All that is required to make an orange and clove pomander is an orange, cloves, a ribbon and a skewer. They first became popular, apparently in the Middle Ages – to ward off nasty smells and the Black death. Whilst they may have been useful for the former I have my doubts about their efficacy for the latter. These days they are used as Christmas decorations.
First remove the calyx from the top of the orange and then pierce the skin with as many cloves as you want to create a pattern that covers the orange.Too late I discovered that the best way to create a nice regular pattern is to start by putting an elastic band around the orange so that the lines of cloves are straight. The skewer is essential to pierce the skin- and that means that I shan’t be completely this activity with the Little Madams en masse as providing them with a sharp object and then letting them get on with it seems hazardous to put it mildly.

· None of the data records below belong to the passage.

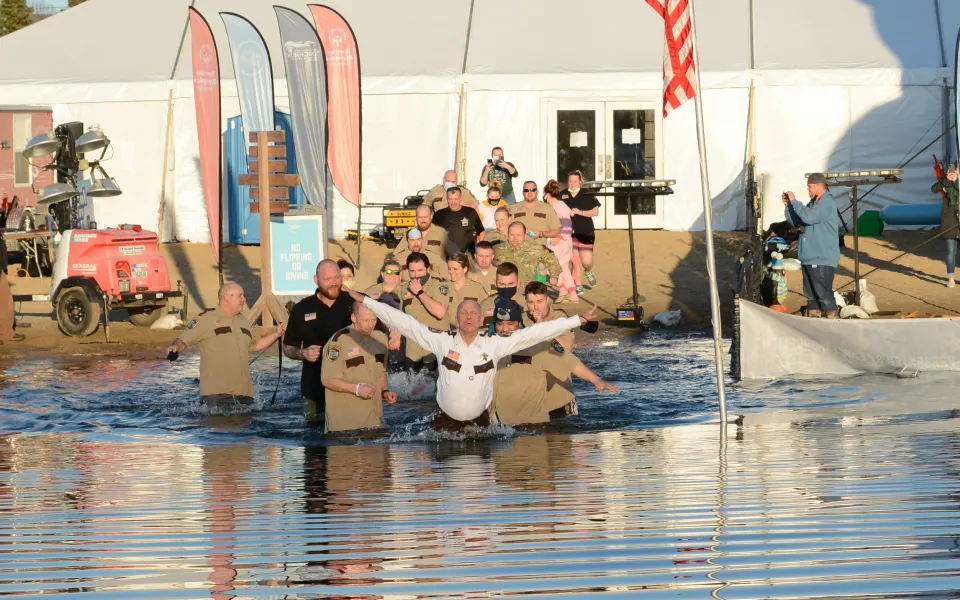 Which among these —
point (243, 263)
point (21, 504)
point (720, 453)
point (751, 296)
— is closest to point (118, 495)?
point (21, 504)

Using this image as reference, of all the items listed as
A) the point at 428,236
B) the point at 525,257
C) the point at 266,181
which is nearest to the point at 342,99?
the point at 266,181

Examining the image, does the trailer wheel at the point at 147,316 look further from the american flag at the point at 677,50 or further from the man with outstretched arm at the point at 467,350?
the american flag at the point at 677,50

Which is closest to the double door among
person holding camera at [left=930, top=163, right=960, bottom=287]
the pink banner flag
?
person holding camera at [left=930, top=163, right=960, bottom=287]

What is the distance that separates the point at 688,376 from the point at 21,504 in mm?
9066

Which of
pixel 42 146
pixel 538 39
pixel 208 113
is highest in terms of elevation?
pixel 538 39

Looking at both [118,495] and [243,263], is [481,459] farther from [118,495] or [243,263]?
[243,263]

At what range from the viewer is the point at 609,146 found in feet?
89.3

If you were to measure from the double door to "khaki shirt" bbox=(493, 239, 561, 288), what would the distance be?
9.51 metres

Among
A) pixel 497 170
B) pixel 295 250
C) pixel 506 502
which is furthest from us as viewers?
pixel 497 170

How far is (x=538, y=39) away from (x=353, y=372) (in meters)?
17.2

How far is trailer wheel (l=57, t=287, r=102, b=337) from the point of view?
19.9 meters

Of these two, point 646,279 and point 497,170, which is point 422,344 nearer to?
point 646,279

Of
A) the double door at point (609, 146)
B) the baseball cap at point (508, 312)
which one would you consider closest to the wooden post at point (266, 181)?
the baseball cap at point (508, 312)

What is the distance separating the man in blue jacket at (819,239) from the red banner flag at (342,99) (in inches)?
330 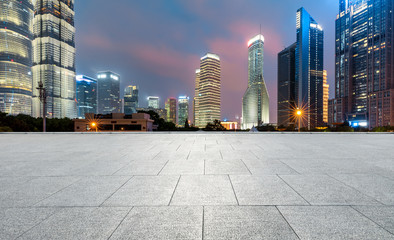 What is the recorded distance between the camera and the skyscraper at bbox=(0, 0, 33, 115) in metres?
166

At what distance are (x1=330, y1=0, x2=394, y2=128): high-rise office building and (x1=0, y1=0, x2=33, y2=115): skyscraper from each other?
988 ft

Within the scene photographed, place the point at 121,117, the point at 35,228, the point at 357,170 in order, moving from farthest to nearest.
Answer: the point at 121,117 → the point at 357,170 → the point at 35,228

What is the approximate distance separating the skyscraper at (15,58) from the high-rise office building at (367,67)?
301 m

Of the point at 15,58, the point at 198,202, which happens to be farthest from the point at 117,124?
the point at 15,58

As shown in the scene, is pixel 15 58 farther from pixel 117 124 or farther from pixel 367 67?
pixel 367 67

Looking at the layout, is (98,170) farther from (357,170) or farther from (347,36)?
(347,36)

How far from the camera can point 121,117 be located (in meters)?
95.1

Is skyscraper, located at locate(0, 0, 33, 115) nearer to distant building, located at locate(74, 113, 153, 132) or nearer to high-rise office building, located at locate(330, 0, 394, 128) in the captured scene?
distant building, located at locate(74, 113, 153, 132)

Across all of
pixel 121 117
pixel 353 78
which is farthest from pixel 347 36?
pixel 121 117

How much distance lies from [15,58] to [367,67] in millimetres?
→ 318770

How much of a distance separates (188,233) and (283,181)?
3.35m

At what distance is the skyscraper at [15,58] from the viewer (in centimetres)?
16638

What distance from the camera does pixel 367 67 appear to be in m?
166

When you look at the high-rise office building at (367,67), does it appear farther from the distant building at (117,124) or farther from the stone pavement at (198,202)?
the stone pavement at (198,202) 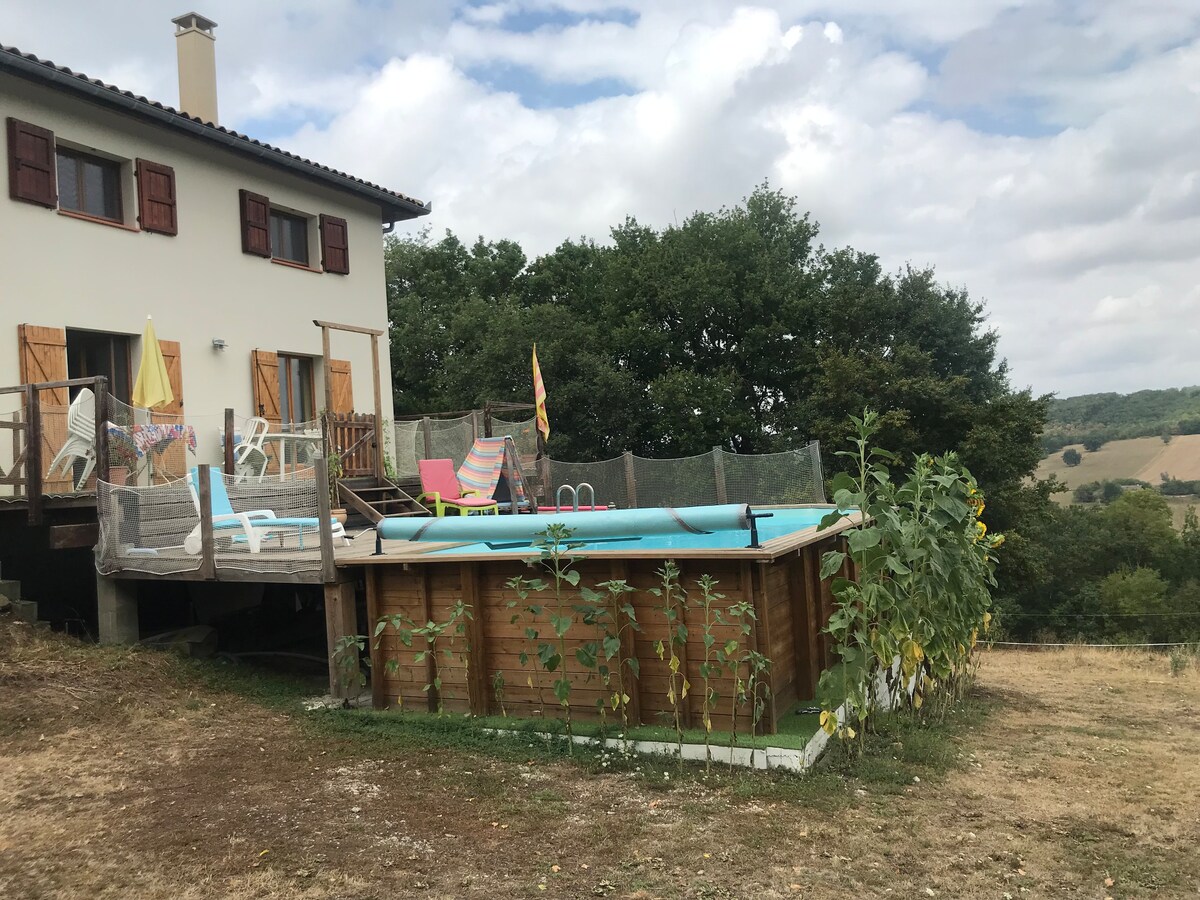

Anyway, stick the cloves in the orange in as artistic fashion as you want leaving a small gap between each one. As the orange dries it will shrink and the cloves will become more densely packed. Once the orange resamples a clovey hedgehog place it somewhere dry and dark. “Something To Do” says use the airing cupboard – so that’s where my pomander currently is – in the airing cupboard on a clean dry piece of kitchen towel. I’m turning it every day and checking for mould as I don’t trust the instructions – and quite frankly I think I should have left a space for the ribbon but I got a bit carried away. In theory by Christmas I’ll have a small but perfectly formed pomander that can have festive ribbon tied around it…I’m not totally convinced but there were plenty of pictures on the Internet of oranges and cloves, though none like the ones at East Riddlesdon which weren’t orange and which looked like a solid mass of cloves – though for all I know they may have been many years old.
It beats glossing skirting board in any event!